After the war, Mr. Woodrough worked for the Armed Forces Security Agency and the National Security Agency in this area and in Tokyo and Taipei, Taiwan. He retired in 1966.

At Leisure World he played golf and bridge. He was president of the Leisure World Tuesday Night Duplicate Bridge Club and the Leisure World chapter of the National Association of Retired Federal Employees.

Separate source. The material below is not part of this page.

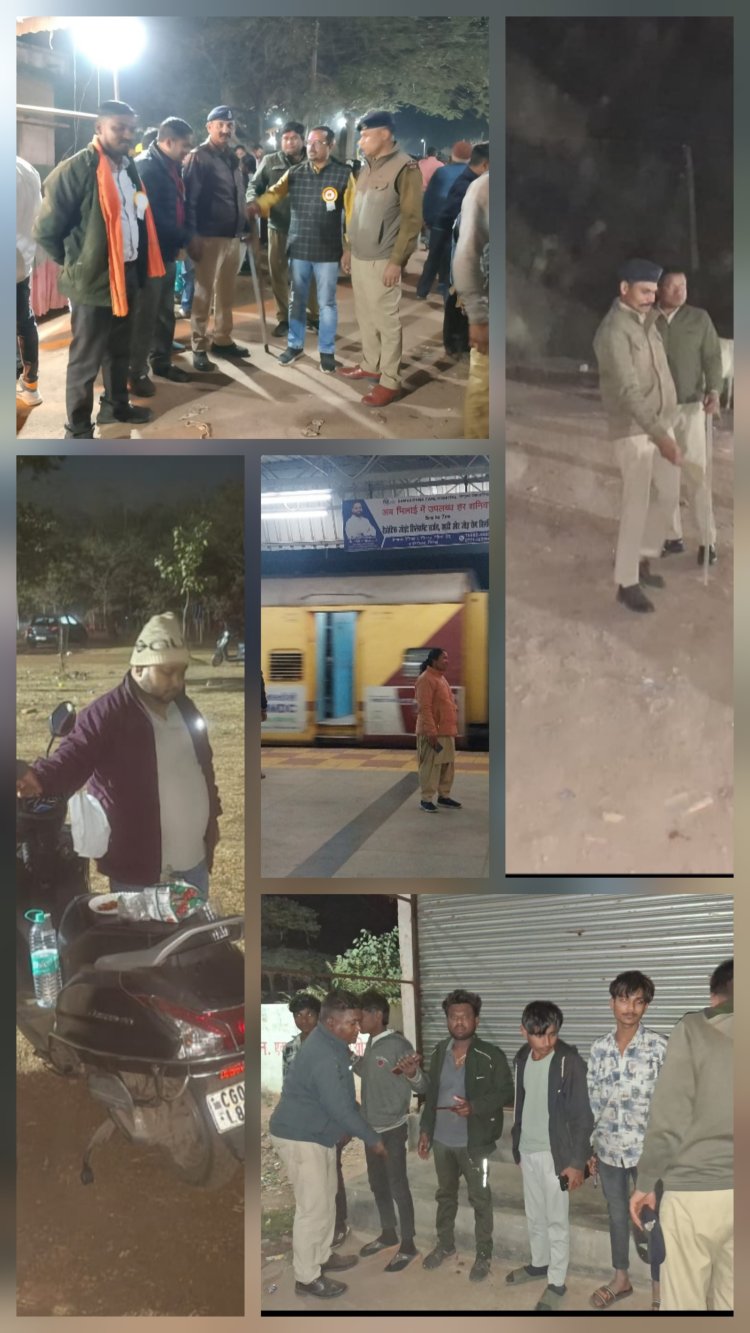 सार्वजनिक स्थलों पर शराबखोरी और अड्डेबाजी पर दुर्ग पुलिस का शिकंजा, जिलेभर में एकसाथ कार्रवाई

Survivors include his wife of 50 years, Evelyn Clark Woodrough of Leisure World.


FBI Agent

Orville G. Ausen, 75, a special agent for the FBI for 30 years before retiring in 1970, died of pneumonia Feb. 4 at Howard County Memorial Hospital. He lived in Columbia.

Through the years, he served with the FBI in South Dakota, Oklahoma, Michigan, Delaware, Baltimore and Washington. He came here in 1954 and served in the Washington Field Office before retiring from FBI headquarters.

Mr. Ausen was born in Jasper, Minn., and grew up in Sioux Falls, S.D. He was a graduate of Nettleton Business College in Sioux Falls and the Oklahoma City School of Law. He served with the Navy in the Southwest Pacific during World War II.

Survivors include his wife of 51 years, Marguerite Ausen of Columbia; two daughters, Kay Dickson of Fairfax and Lynn Donaldson of Ellicott City; a sister, Wilma Maddox of St. Joseph, Mo.; seven grandchildren; and a great-grandchild.


Gift Shop Owner

Harriet A. Eyres, 93, who with her sisters owned the Eyres Gift Shop on Wisconsin Avenue in Northwest Washington from the early 1960s until they sold it in 1988, died Feb. 5 at the St. Anthony Health Care Center in Minneapolis. She had a stroke.

Miss Eyres lived in Washington from the early 1930s until moving to Minneapolis in 1988. She was born in Lemars, Iowa, and graduated from Iowa State University.

After moving to Washington, she worked at the Justice Department. She later worked for the Library of Congress and the Federal Reserve Board.

In 1944 she and her sisters, Ethel Eyres and Helen Wilson, opened the Eyres Drug Store in Anacostia. They ran that business until the early 1960s, when they opened their gift shop on Wisconsin Avenue.

Ethel Eyres died in 1988. Helen Wilson survives and lives in Minneapolis.